*Requirement*:
Wherever "Print" turns up in the entries, copy out the line that holds it.

*Supplied records*:
◆ ◆ ◆ ◆

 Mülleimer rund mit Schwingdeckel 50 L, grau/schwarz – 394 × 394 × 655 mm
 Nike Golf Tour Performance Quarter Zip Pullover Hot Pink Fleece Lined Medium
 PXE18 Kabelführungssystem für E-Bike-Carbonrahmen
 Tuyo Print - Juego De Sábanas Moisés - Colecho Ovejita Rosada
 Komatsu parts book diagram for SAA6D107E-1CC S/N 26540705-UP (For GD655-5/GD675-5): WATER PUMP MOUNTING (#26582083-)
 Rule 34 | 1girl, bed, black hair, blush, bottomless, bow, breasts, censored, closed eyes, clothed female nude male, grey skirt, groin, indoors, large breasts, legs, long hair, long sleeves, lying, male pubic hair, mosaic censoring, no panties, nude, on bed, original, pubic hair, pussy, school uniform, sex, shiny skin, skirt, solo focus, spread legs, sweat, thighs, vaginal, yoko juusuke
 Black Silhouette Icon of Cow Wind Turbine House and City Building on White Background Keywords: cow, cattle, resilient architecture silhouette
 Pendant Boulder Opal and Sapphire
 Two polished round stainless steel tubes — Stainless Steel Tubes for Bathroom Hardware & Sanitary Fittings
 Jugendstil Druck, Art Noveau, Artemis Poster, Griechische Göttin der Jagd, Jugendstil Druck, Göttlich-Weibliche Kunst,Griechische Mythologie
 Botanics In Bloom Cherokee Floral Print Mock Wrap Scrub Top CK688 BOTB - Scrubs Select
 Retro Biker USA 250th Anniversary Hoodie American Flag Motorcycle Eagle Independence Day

◆ ◆ ◆ ◆

*Task response*:
 Tuyo Print - Juego De Sábanas Moisés - Colecho Ovejita Rosada
 Botanics In Bloom Cherokee Floral Print Mock Wrap Scrub Top CK688 BOTB - Scrubs Select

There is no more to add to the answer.